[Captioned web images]

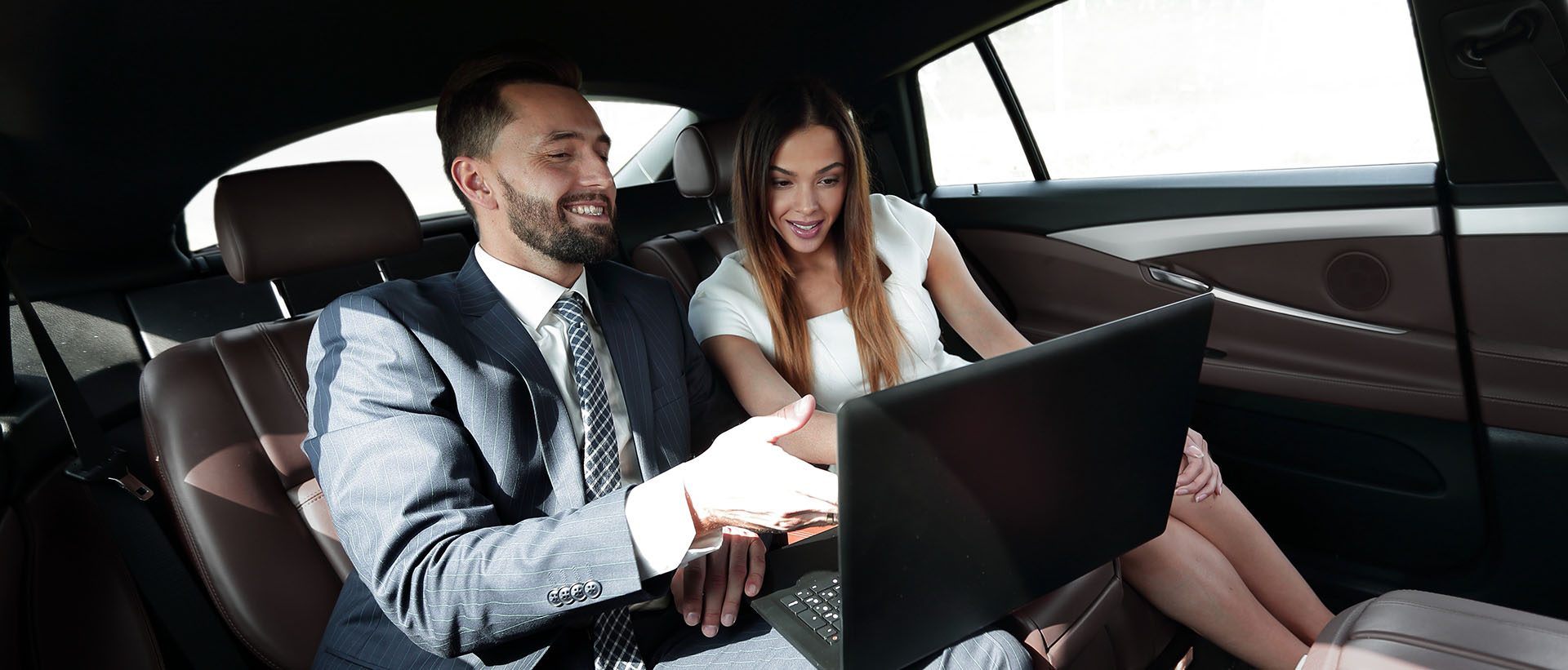 a man and a woman inside a car working on a laptop computer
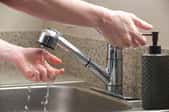 washing hands using kitchen faucet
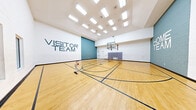 This indoor sports facility centers on a generously sized hardwood court finished in warm maple tones, with crisp multi-sport line markings laid out for basketball, volleyball, and pickleball. The court is equipped with two regulation basketball hoops mounted on ceiling-suspended structures, providing unobstructed play space below. Padding along the walls near each baseline ensures player safety during competitive use.

The ceiling soars overhead, creating an open, airy atmosphere enhanced by rows of flush-mounted fluorescent light panels that provide consistent, even illumination across the entire court surface. A series of windows along one wall allows natural light to filter into the space, further brightening the interior.

Bold "Home Team" and "Visitor Team" signage is painted directly onto teal and white cinder block accent walls at each end of the court, adding a spirited, competitive character to the design. A large glass window on one side of the court looks directly into an adjacent fitness room equipped with cardio machines and strength training equipment, creating a visual connection between the two athletic spaces. The overall design is clean, functional, and purpose-built for a wide range of indoor recreational and competitive activities.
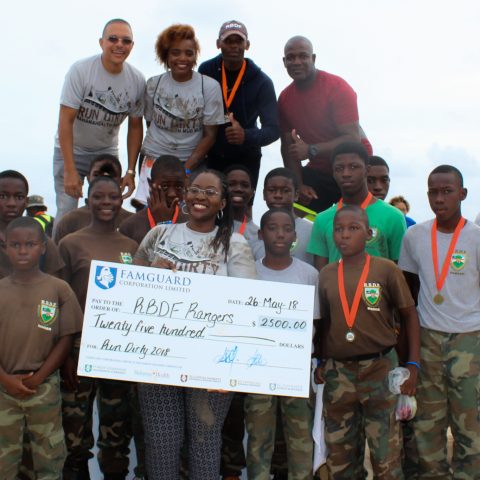 RBDF Rangers being presented with a cheque from the Bahamas Health Foundation.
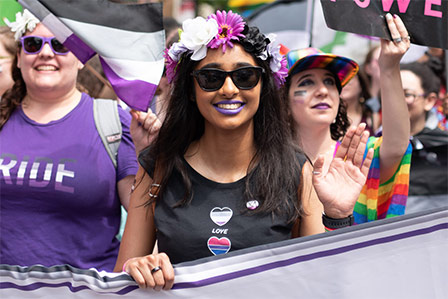 Three people march in a pride parade behind a banner. The one in front has brown skin and is waving.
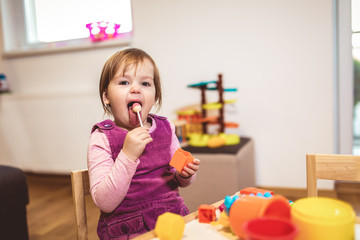 Cute child playing on table indoor, selective focus.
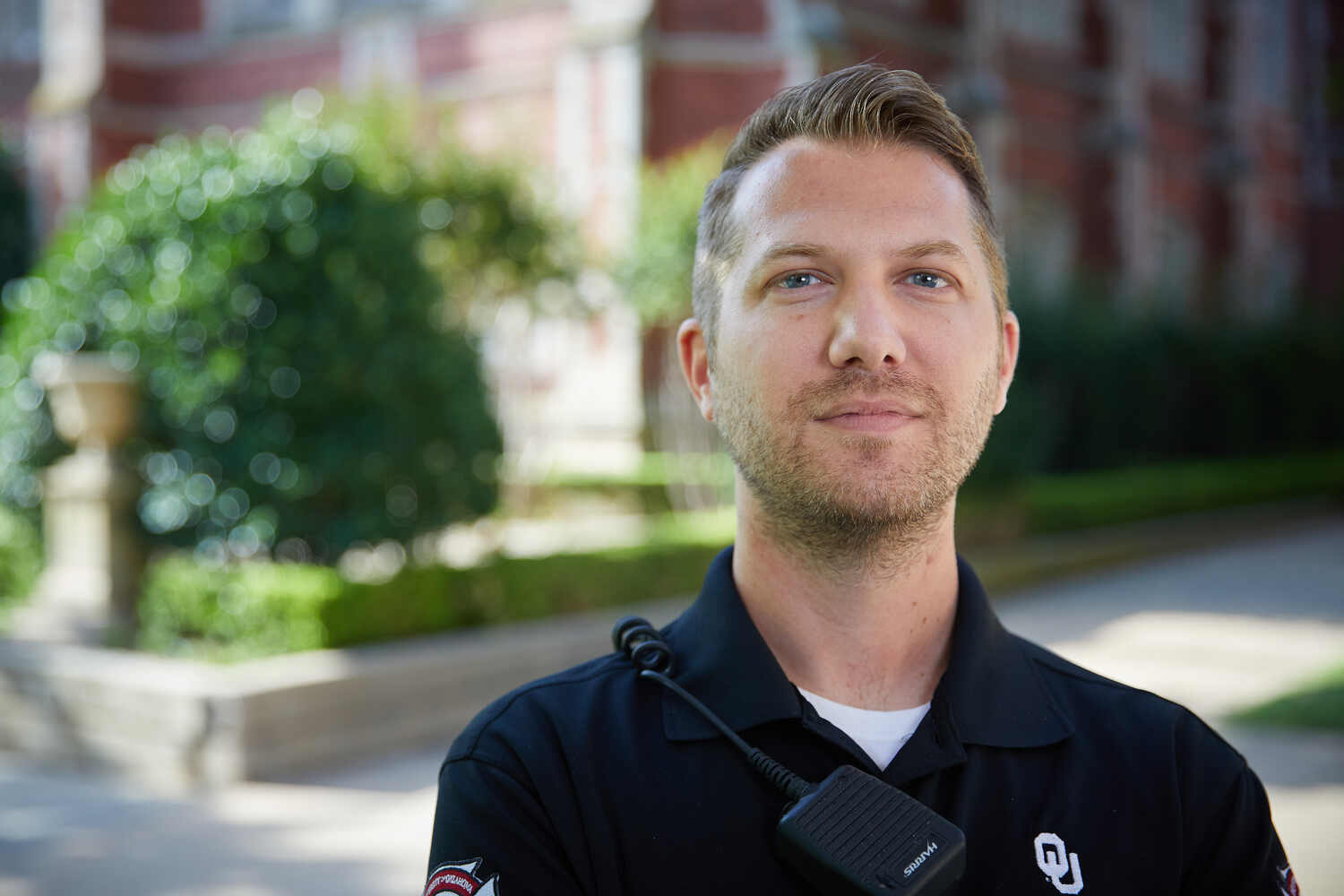 A person in a dark uniform with a radio microphone stands outdoors near greenery and a red‑brick building, including the word "staff" in all caps.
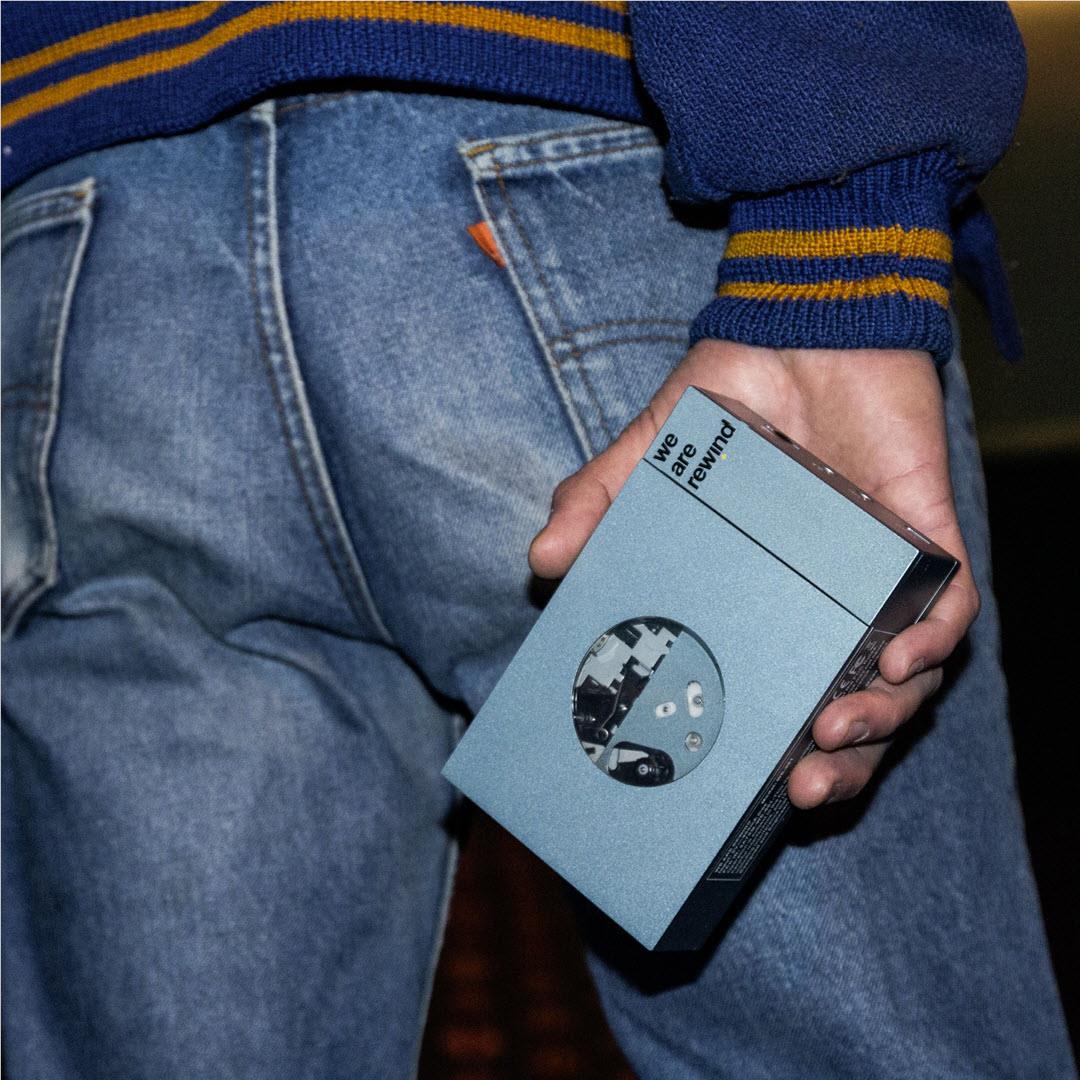 Close-up of hands holding a blue rechargeable Bluetooth cassette player with circular window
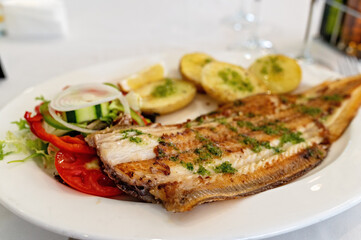 Grilled sole fish with potatoes and salad on white plate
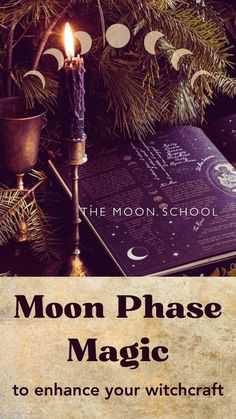 the moon phase magic book with a lit candle and christmas tree in front of it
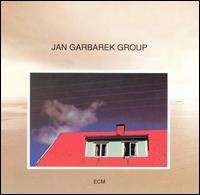 Jan Garbarek - Photo with Blue Sky, White Cloud, Wires, Windows and a Red Roof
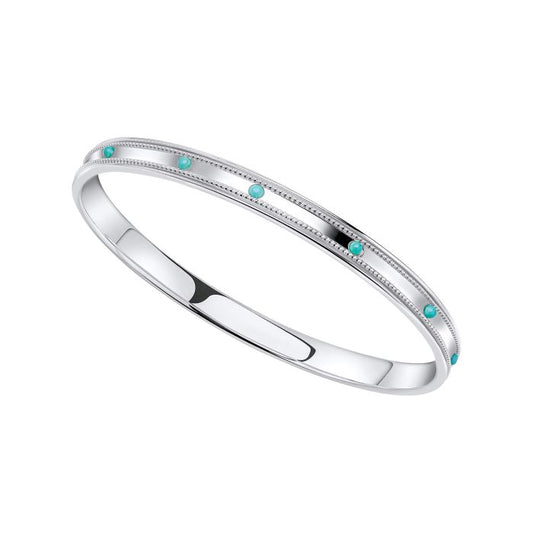 Silver bracelet with turquoise stones on a white background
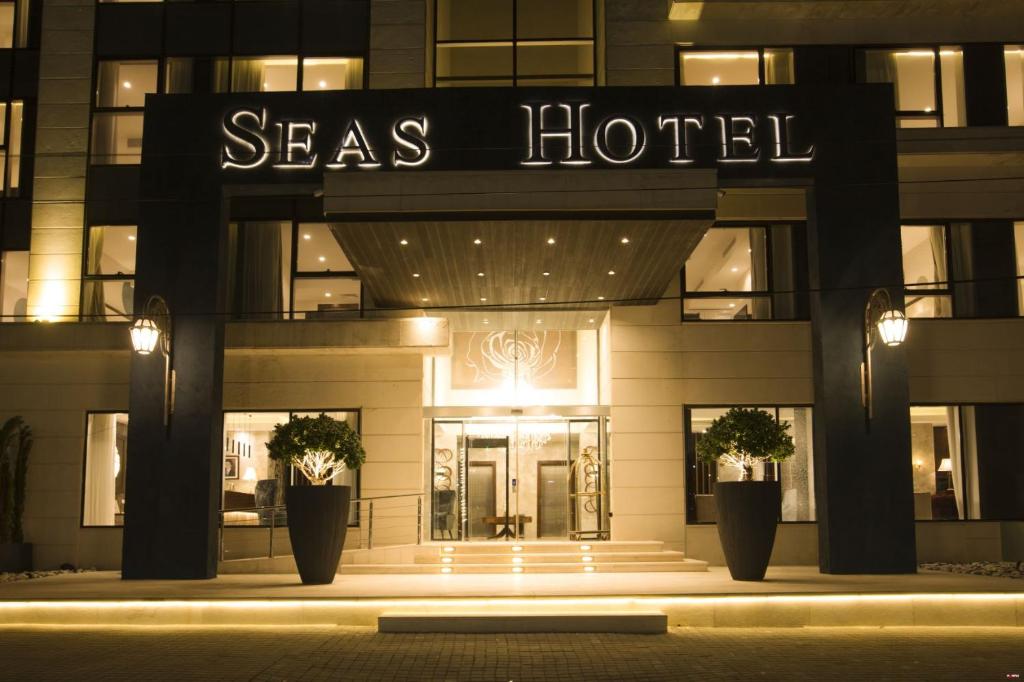 安曼Seas Hotel Amman的一座大型建筑,晚上有海洋酒店标志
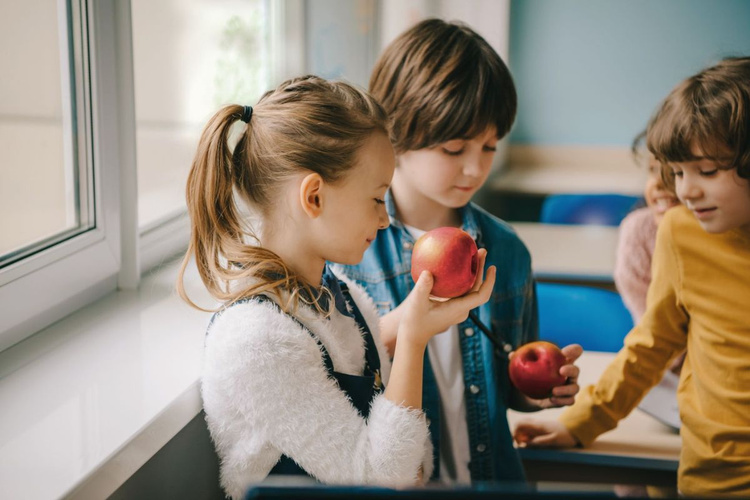 KI generiert: Kinder in einem Klassenzimmer halten Äpfel in der Hand.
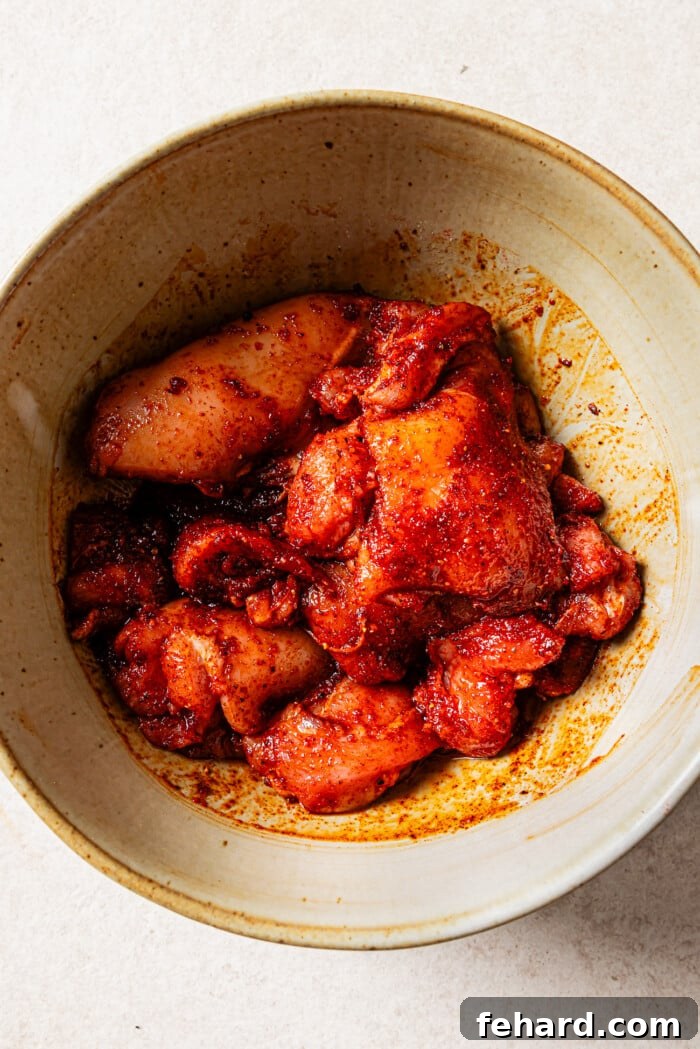 Raw, seasoned chicken thighs in a mixing bowl, ready for grilling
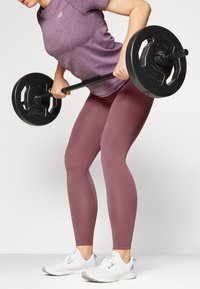 Un haut de sport violet, des leggings maroon ajustés et des chaussures de sport blanches. La personne soulève une barre noire avec des poids ronds.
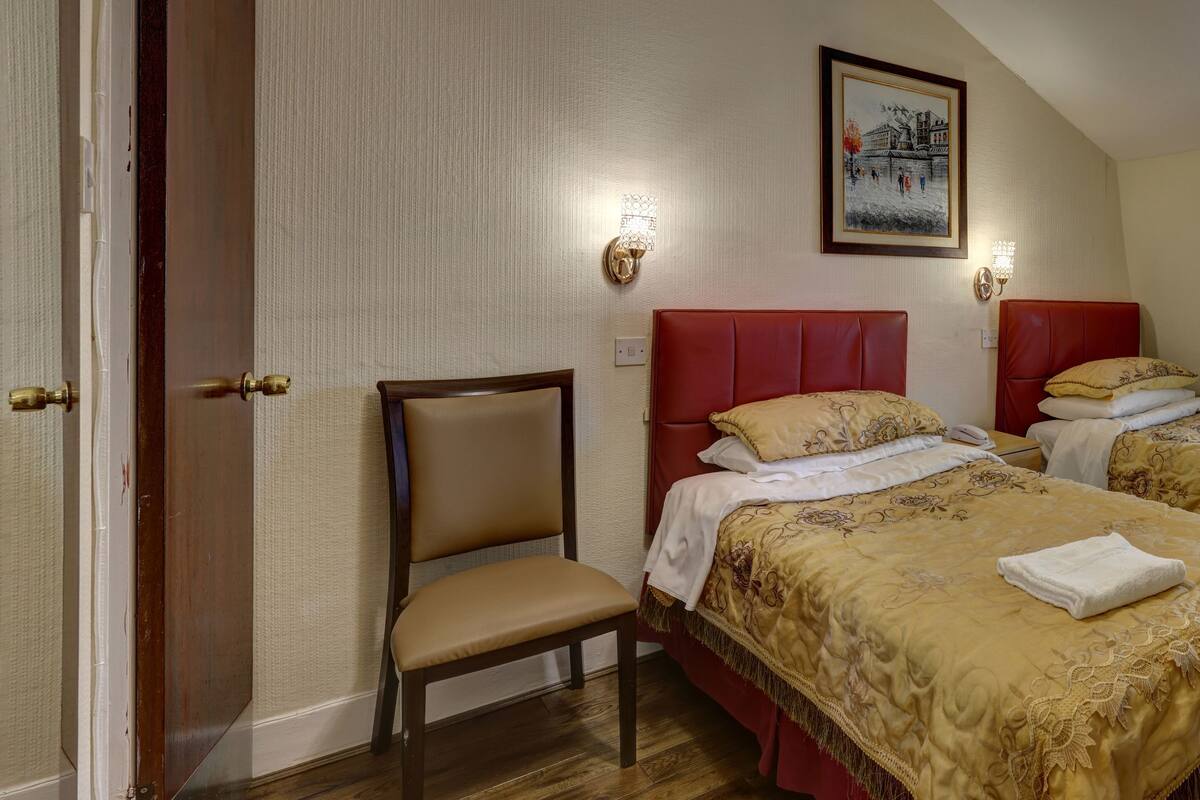 A hotel room with two beds, a desk, a chair, a radiator, and a window with curtains.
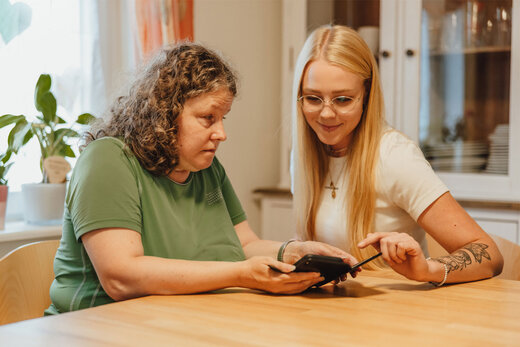 Eine Klientin mit Sehbehinderung und ihre Bertreuerin schauen in ein Handy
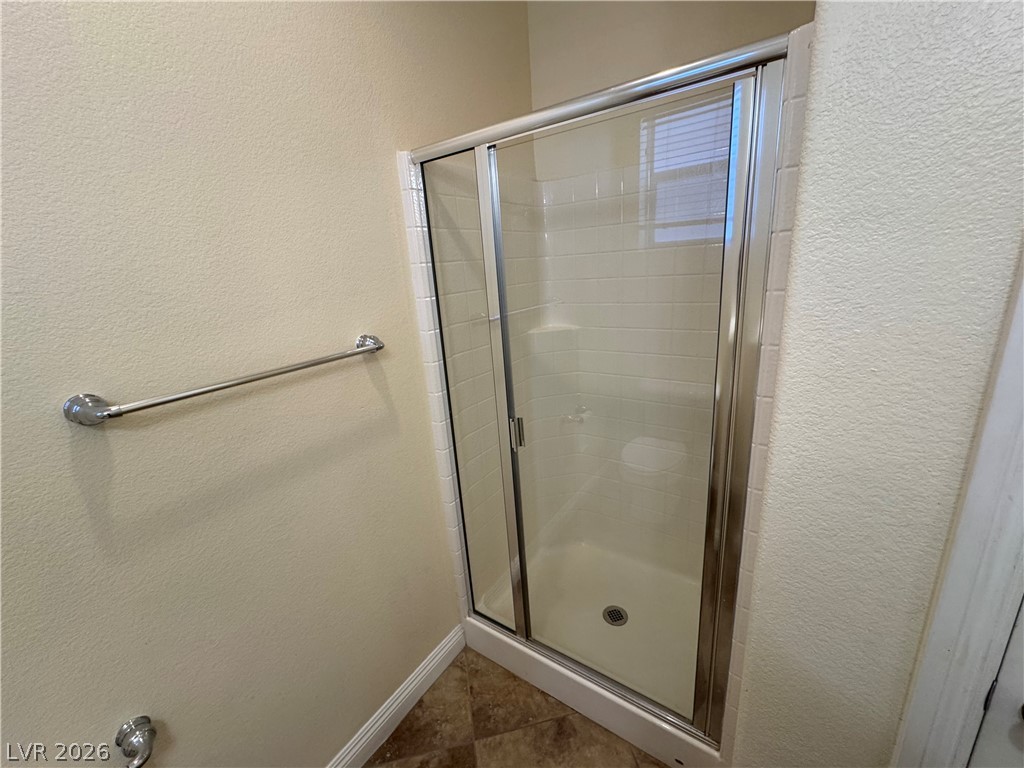 1333 Jamesbury Road Las Vegas, NV 89135 - Photo 6 of 43 Glass-enclosed shower in this bathroom offers a functional and clean bathing space.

== Activity ==
All of the data above should be quoted exactly, except for the pictures.

== Answer area ==
 a man and a woman inside a car working on a laptop computer
 washing hands using kitchen faucet
 This indoor sports facility centers on a generously sized hardwood court finished in warm maple tones, with crisp multi-sport line markings laid out for basketball, volleyball, and pickleball. The court is equipped with two regulation basketball hoops mounted on ceiling-suspended structures, providing unobstructed play space below. Padding along the walls near each baseline ensures player safety during competitive use.

The ceiling soars overhead, creating an open, airy atmosphere enhanced by rows of flush-mounted fluorescent light panels that provide consistent, even illumination across the entire court surface. A series of windows along one wall allows natural light to filter into the space, further brightening the interior.

Bold "Home Team" and "Visitor Team" signage is painted directly onto teal and white cinder block accent walls at each end of the court, adding a spirited, competitive character to the design. A large glass window on one side of the court looks directly into an adjacent fitness room equipped with cardio machines and strength training equipment, creating a visual connection between the two athletic spaces. The overall design is clean, functional, and purpose-built for a wide range of indoor recreational and competitive activities.
 RBDF Rangers being presented with a cheque from the Bahamas Health Foundation.
 Three people march in a pride parade behind a banner. The one in front has brown skin and is waving.
 Cute child playing on table indoor, selective focus.
 A person in a dark uniform with a radio microphone stands outdoors near greenery and a red‑brick building, including the word "staff" in all caps.
 Close-up of hands holding a blue rechargeable Bluetooth cassette player with circular window
 Grilled sole fish with potatoes and salad on white plate
 the moon phase magic book with a lit candle and christmas tree in front of it
 Jan Garbarek - Photo with Blue Sky, White Cloud, Wires, Windows and a Red Roof
 Silver bracelet with turquoise stones on a white background
 安曼Seas Hotel Amman的一座大型建筑,晚上有海洋酒店标志
 KI generiert: Kinder in einem Klassenzimmer halten Äpfel in der Hand.
 Raw, seasoned chicken thighs in a mixing bowl, ready for grilling
 Un haut de sport violet, des leggings maroon ajustés et des chaussures de sport blanches. La personne soulève une barre noire avec des poids ronds.
 A hotel room with two beds, a desk, a chair, a radiator, and a window with curtains.
 Eine Klientin mit Sehbehinderung und ihre Bertreuerin schauen in ein Handy
 1333 Jamesbury Road Las Vegas, NV 89135 - Photo 6 of 43 Glass-enclosed shower in this bathroom offers a functional and clean bathing space.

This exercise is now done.